Das Beichtstuhlverfahren ist eine spezielle Verhandlungstechnik. Sie wird vor allem von der Europäischen Union angewendet, um strittige Fragen zu klären. Wenn es bei einem EU-Gipfel zu tiefer Nachtstunde überhaupt nicht mehr weiter geht, ruft der jeweilige EU-Ratspräsident in den "Beichtstuhl", um vertraulich allerletzte Kompromisslinien auszuloten.

Ins Gebet nehmen

Man spricht von Beichtstuhl, weil alle Beteiligten noch einmal ins Gebet genommen werden.
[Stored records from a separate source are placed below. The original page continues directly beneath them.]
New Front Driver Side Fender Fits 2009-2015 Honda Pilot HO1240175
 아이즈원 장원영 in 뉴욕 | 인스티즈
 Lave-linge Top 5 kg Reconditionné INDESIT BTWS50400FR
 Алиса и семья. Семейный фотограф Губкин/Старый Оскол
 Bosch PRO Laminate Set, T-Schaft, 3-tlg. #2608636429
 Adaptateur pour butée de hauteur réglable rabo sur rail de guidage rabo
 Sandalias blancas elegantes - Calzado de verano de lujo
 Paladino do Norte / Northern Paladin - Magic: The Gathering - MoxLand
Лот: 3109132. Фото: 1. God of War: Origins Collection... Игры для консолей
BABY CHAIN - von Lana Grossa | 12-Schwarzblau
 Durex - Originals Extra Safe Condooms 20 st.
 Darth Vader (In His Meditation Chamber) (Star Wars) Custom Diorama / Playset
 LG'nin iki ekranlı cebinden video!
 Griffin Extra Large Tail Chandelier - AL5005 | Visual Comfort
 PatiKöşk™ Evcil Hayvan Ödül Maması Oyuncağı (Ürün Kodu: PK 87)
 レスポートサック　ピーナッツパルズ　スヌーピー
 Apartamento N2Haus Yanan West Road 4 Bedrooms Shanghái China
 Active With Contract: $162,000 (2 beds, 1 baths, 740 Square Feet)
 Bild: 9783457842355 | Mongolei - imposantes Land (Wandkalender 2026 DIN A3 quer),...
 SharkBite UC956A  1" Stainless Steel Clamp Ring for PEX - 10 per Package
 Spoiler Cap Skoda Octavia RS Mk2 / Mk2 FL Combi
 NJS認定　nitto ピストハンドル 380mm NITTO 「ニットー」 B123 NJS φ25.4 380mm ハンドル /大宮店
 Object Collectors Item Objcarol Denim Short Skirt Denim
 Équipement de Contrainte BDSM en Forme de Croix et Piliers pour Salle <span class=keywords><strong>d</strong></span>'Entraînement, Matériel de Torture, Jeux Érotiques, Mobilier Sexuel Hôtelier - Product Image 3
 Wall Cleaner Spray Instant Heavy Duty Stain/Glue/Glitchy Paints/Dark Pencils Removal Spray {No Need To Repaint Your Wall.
Die Parteichefs von CDU, CSU und FDP - Angela Merkel, Horst Seehofer und Guido Westerwelle - werden diese Methode anwenden, wenn in der großen Koalitionsrunde keine Einigung möglich ist.

Angedacht ist, dass die drei Chefs dann die jeweiligen zwei Vorsitzenden der zuständigen Arbeitsgruppen in den "Beichtstuhl" rufen, damit die schwarz-gelben Koalitionäre bei der drei Tage dauernden Klausur die meisten ihrer Streitpunkte ausräumen können.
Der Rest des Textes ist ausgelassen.